In [63]:
import pandas as pd
import numpy as np
import os

# Elo
Run Elo over a data set.

In [71]:
start_year = 1968 # 1968
end_year = 2018  # The Kovalchik paper ends in 2014.
base_dir = r"C:/Users/Paul/tennis_atp"
filename_label = r"atp_matches_%d.csv"

def process_year_df(df_year):
    df = df_year.loc[:, ['tourney_name', 'tourney_level', 'tourney_date', 'match_num', 'score', 'round', 'winner_id', 'winner_name', 'loser_id', 'loser_name']]
    # Put in chronological order.
    df = df.sort_values(['tourney_date', 'tourney_name', 'match_num'], ascending=[True, True, True])
    return df

In [72]:
# Read the match data.
df = None
for year in range(start_year, end_year + 1):
    filename = os.path.join(base_dir, filename_label % year)
    df_year = pd.read_csv(filename)
    df_year = process_year_df(df_year)
#     df_year = df_year.loc[df_year['tourney_name'] == 'Montpellier']
#     print(filename)
#     print(df_year[0:300])
    
    print("%s: " % filename, df_year.shape)
    
    if df is None:
        df = df_year
    else:
        df = pd.concat([df, df_year])

C:/Users/Paul/tennis_atp\atp_matches_1968.csv:  (1232, 10)
C:/Users/Paul/tennis_atp\atp_matches_1969.csv:  (1451, 10)
C:/Users/Paul/tennis_atp\atp_matches_1970.csv:  (1681, 10)
C:/Users/Paul/tennis_atp\atp_matches_1971.csv:  (2712, 10)
C:/Users/Paul/tennis_atp\atp_matches_1972.csv:  (2934, 10)
C:/Users/Paul/tennis_atp\atp_matches_1973.csv:  (3837, 10)
C:/Users/Paul/tennis_atp\atp_matches_1974.csv:  (3899, 10)
C:/Users/Paul/tennis_atp\atp_matches_1975.csv:  (4038, 10)
C:/Users/Paul/tennis_atp\atp_matches_1976.csv:  (3871, 10)
C:/Users/Paul/tennis_atp\atp_matches_1977.csv:  (4046, 10)
C:/Users/Paul/tennis_atp\atp_matches_1978.csv:  (3851, 10)
C:/Users/Paul/tennis_atp\atp_matches_1979.csv:  (4003, 10)
C:/Users/Paul/tennis_atp\atp_matches_1980.csv:  (3955, 10)
C:/Users/Paul/tennis_atp\atp_matches_1981.csv:  (3835, 10)
C:/Users/Paul/tennis_atp\atp_matches_1982.csv:  (4105, 10)
C:/Users/Paul/tennis_atp\atp_matches_1983.csv:  (3557, 10)
C:/Users/Paul/tennis_atp\atp_matches_1984.csv:  (3222, 1

In [73]:
print(df.tourney_level.unique())

['G' 'A' 'D' 'M' 'F' 'C']


In [74]:
# Run Elo through the data.
# http://www.eloratings.net/about
# https://www.betfair.com.au/hub/better-betting/betting-strategies/tennis/tennis-elo-modelling/
# http://vuir.vu.edu.au/34652/1/jqas-2015-0059.pdf

start_elo = 1500
grand_slam_multiplier = 1.1
use_fte_K = True
remove_walkovers = True
remove_retirements = True
tourney_levels = ['G', 'M', 'A']

if use_fte_K:
    def get_K(n_matches):
        return 250 / np.power(n_matches + 5, 0.4)
else:
    def get_K(n_matches): 
        return 20

from collections import defaultdict
# The Elo rating at any point in time.
elo_ratings = defaultdict(lambda: start_elo)
# The number of matches played by each player, at any point in time.
n_matches_played = defaultdict(lambda: 1)
# The latest tournament date.
latest_tourney_date = defaultdict(lambda: 0)

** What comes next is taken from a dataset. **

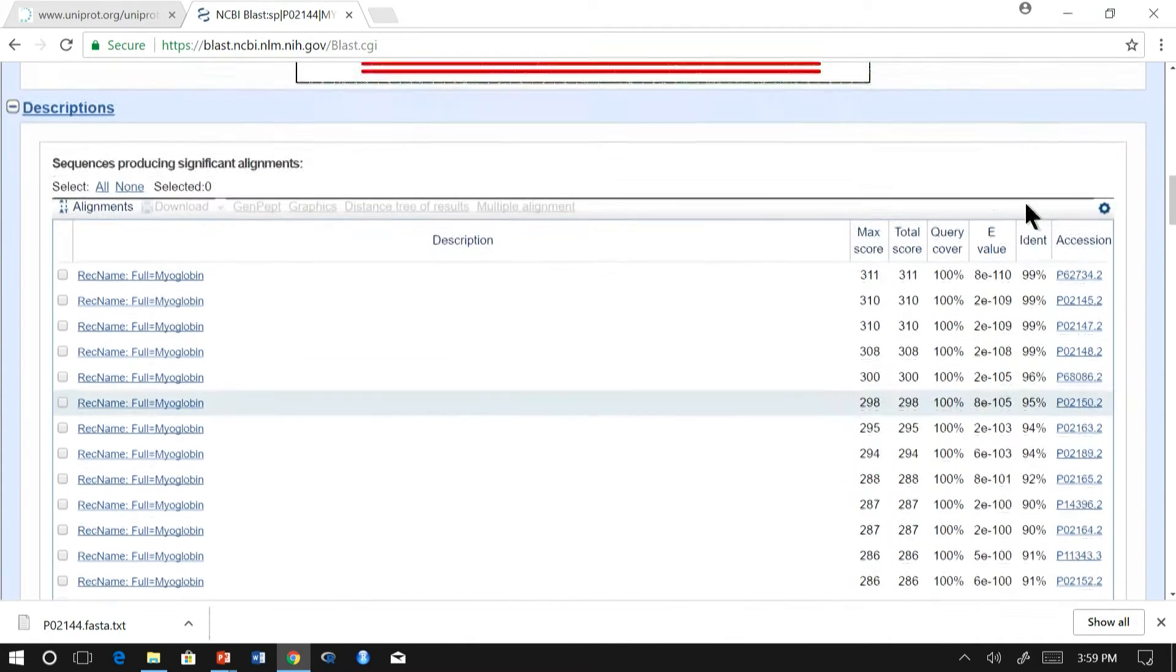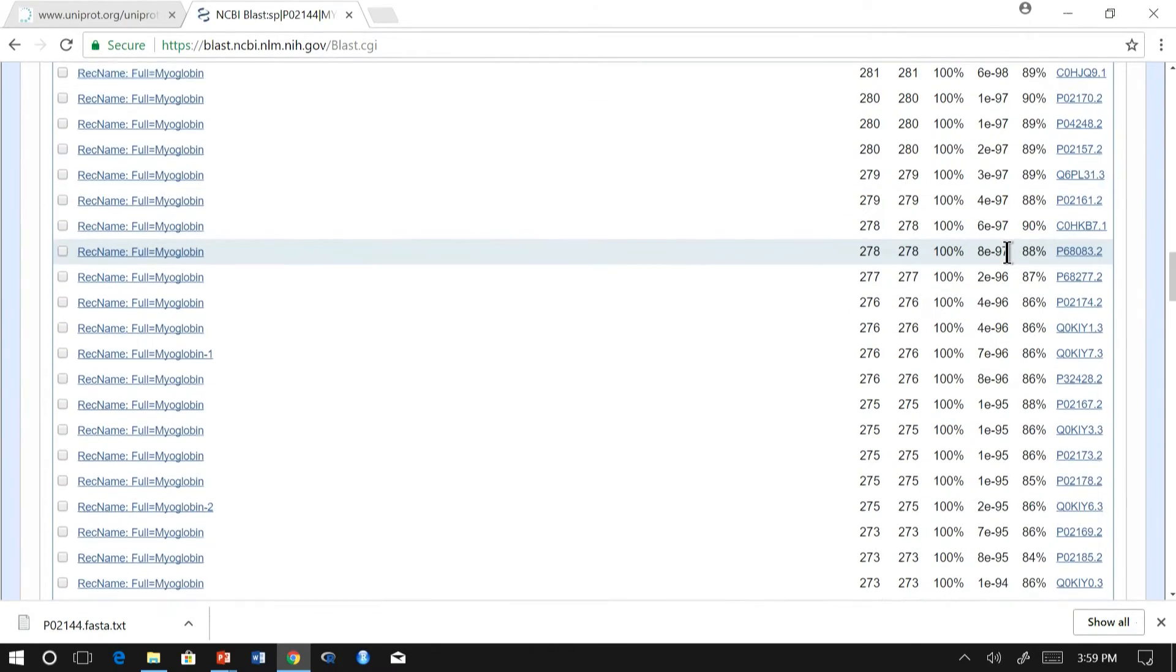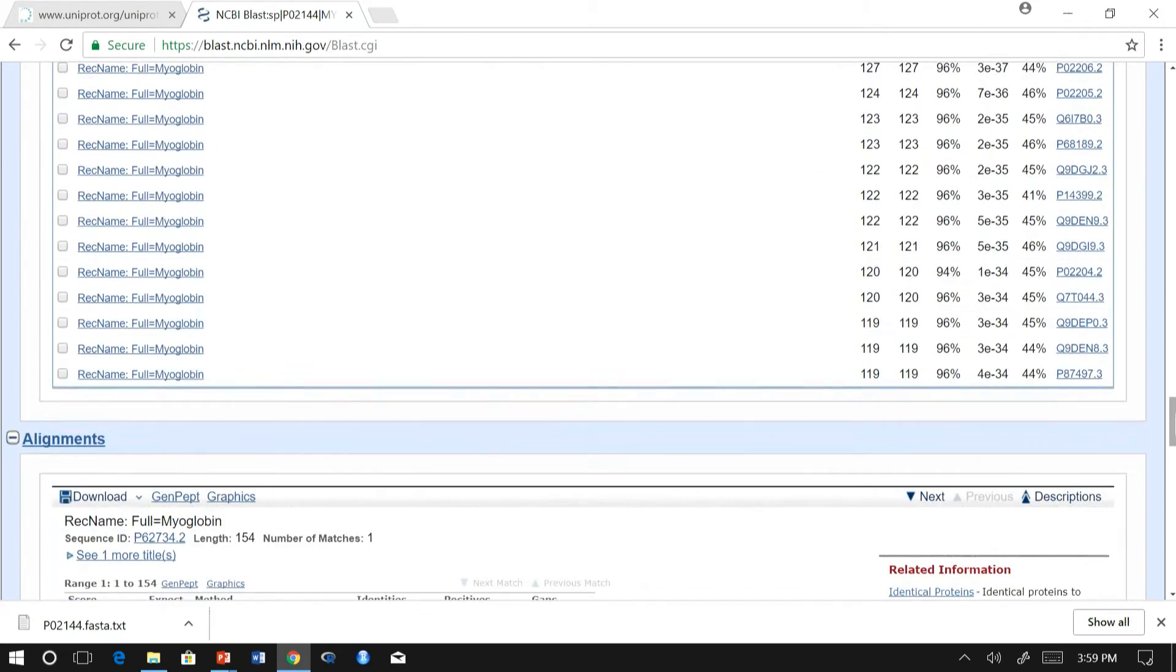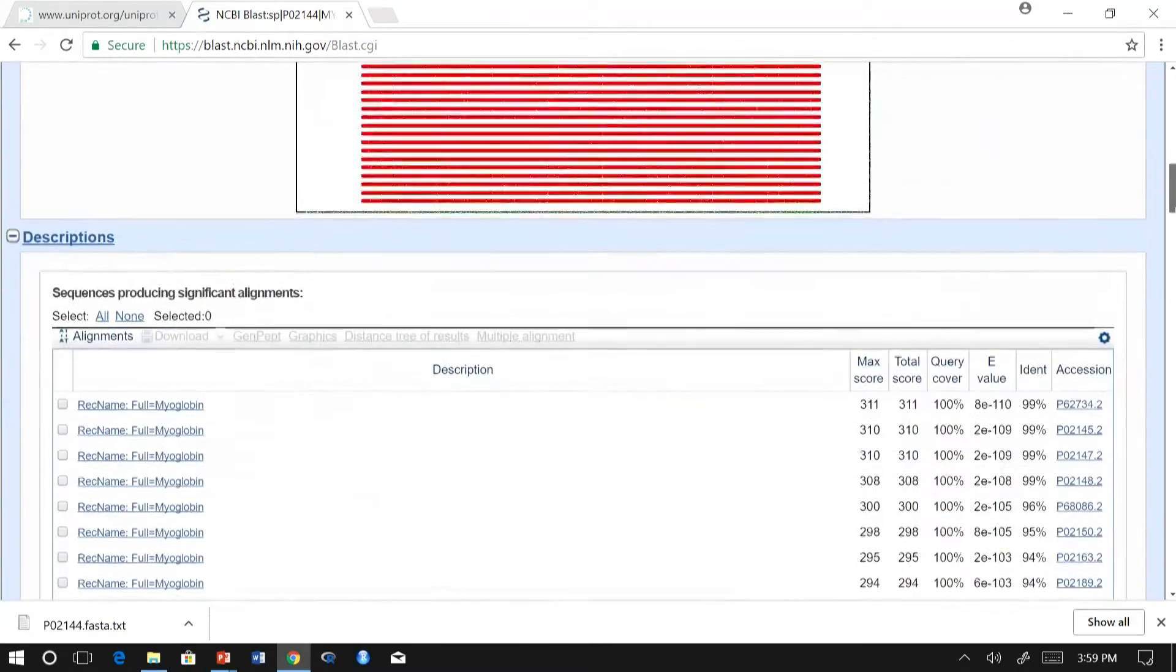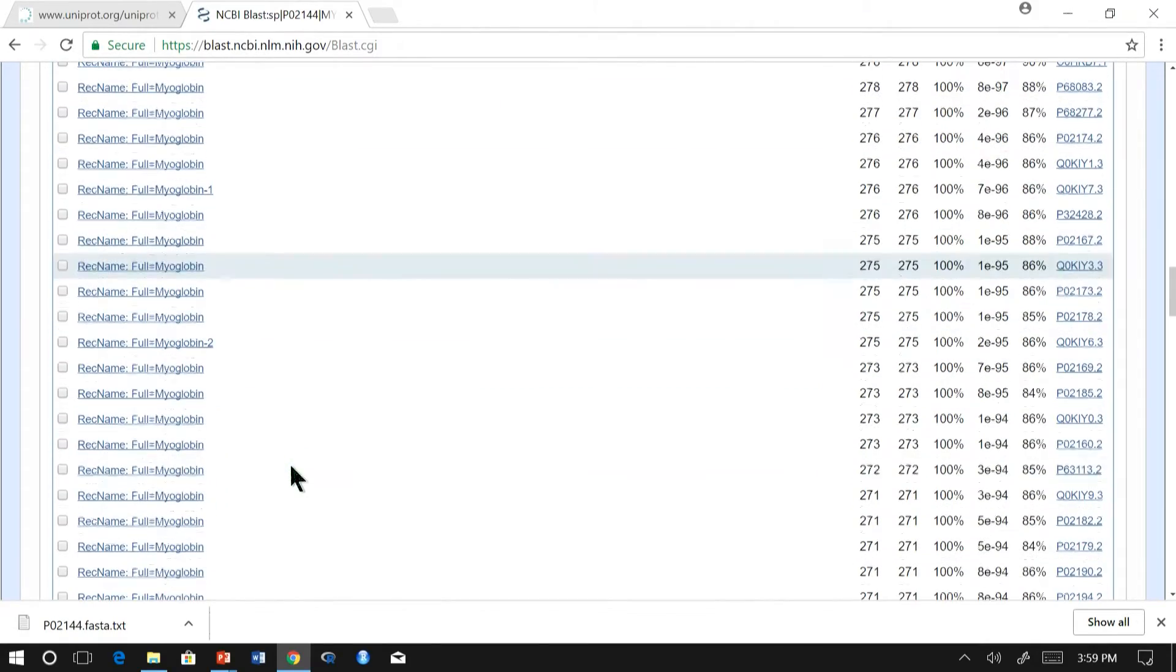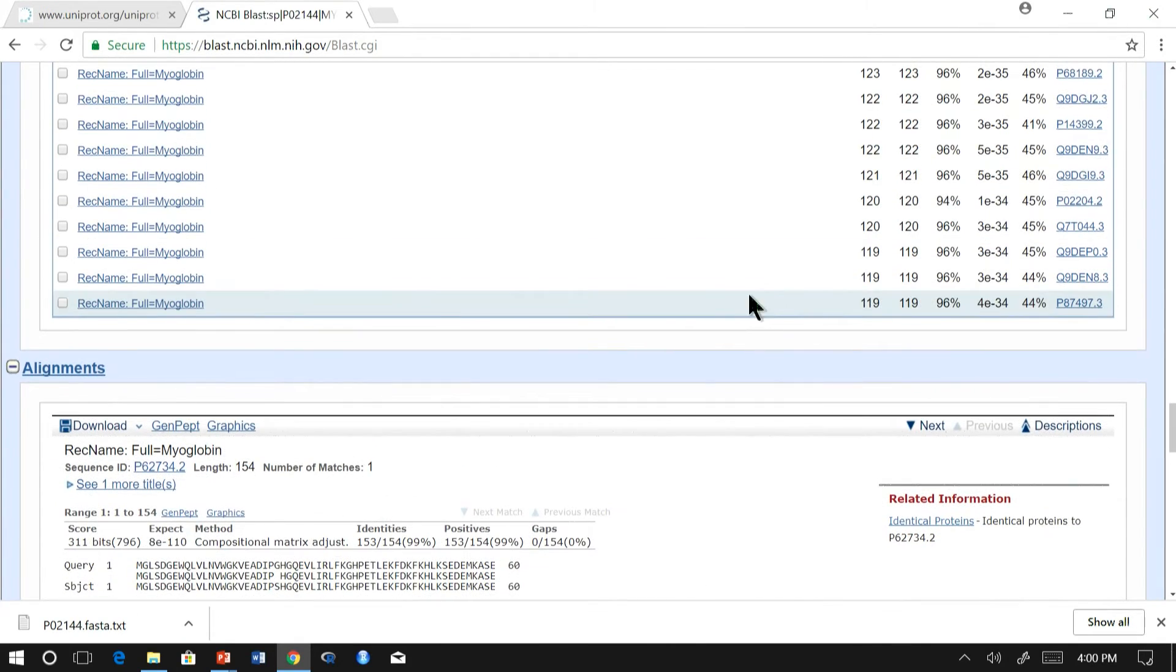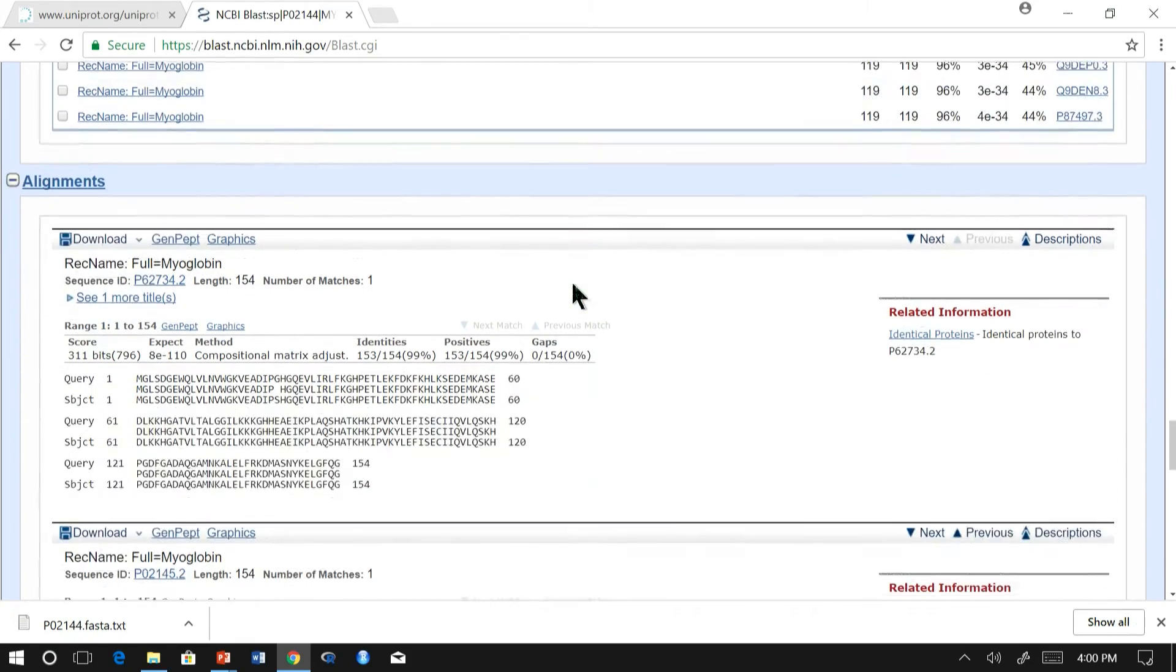As you could see, the identity keeps on decreasing with the E value increasing. And most of these blasted results are from myoglobin from other organisms, which differs from the human myoglobin. And if you extend, you would also see hemoglobin, which is very similar to myoglobin.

# Perform predictions on the final year.
prediction_year = end_year
predicted_winner_probabilities = {}
n_predictions = 0
n_correct_predictions = 0
n_grand_slams = 0
n_masters = 0

for index, row in df.iterrows():

    if row['tourney_level'] not in tourney_levels:
        continue
    
    if remove_walkovers:
        if pd.isna(row['score']) or 'W/O' in row['score']:
            # This match wasn't played.
            continue
          
    winner = row['winner_name']
    loser = row['loser_name']
    
    n_matches_played[winner] += 1
    n_matches_played[loser] += 1
    
    latest_tourney_date[winner] = row['tourney_date']
    latest_tourney_date[loser] = row['tourney_date']
    
    if remove_retirements:
        if 'RET' in row['score'] or 'ABD' in row['score'] or 'unfinished' in row['score'] or 'DEF' in row['score']:
            # Don't update the ratings for this match.
            continue
            
#     print('-', row['tourney_date'], row['score'], '-')
    
    # The pre-match ratings.
    winner_rating = elo_ratings[winner]
    loser_rating = elo_ratings[loser]
        
    # The pre-match win expectancy.
    rating_diff = winner_rating - loser_rating
    winner_win_expectancy = 1 / (10 ** (-rating_diff / 400) + 1)
    loser_win_expectancy = 1 - winner_win_expectancy
    
    # The post-match ratings.
    multiplier = 1.0
    if row['tourney_level'] == 'G':
        multiplier = grand_slam_multiplier
    K_winner = get_K(n_matches_played[winner]) * multiplier
    K_loser = get_K(n_matches_played[loser]) * multiplier
    new_winner_rating = winner_rating + K_winner * (1 - winner_win_expectancy)
    new_loser_rating = loser_rating + K_loser * (0 - loser_win_expectancy)
    
    current_year = int(str(row['tourney_date'])[0:4])
    if current_year == prediction_year:
        # Record the prediction for this year.
        n_predictions += 1
        if winner_win_expectancy > 0.5:
            n_correct_predictions += 1
        if row['tourney_level'] == 'G':
            n_grand_slams += 1
        if row['tourney_level'] == 'M':
            n_masters += 1
    
    elo_ratings[winner] = new_winner_rating
    elo_ratings[loser] = new_loser_rating
    

In [75]:
accuracy = n_correct_predictions / n_predictions
print("Predicted %d / %d = %.3f correct predictions" % (n_correct_predictions, n_predictions, accuracy))
print("%d grand slams, %d masters:" % (n_grand_slams, n_masters))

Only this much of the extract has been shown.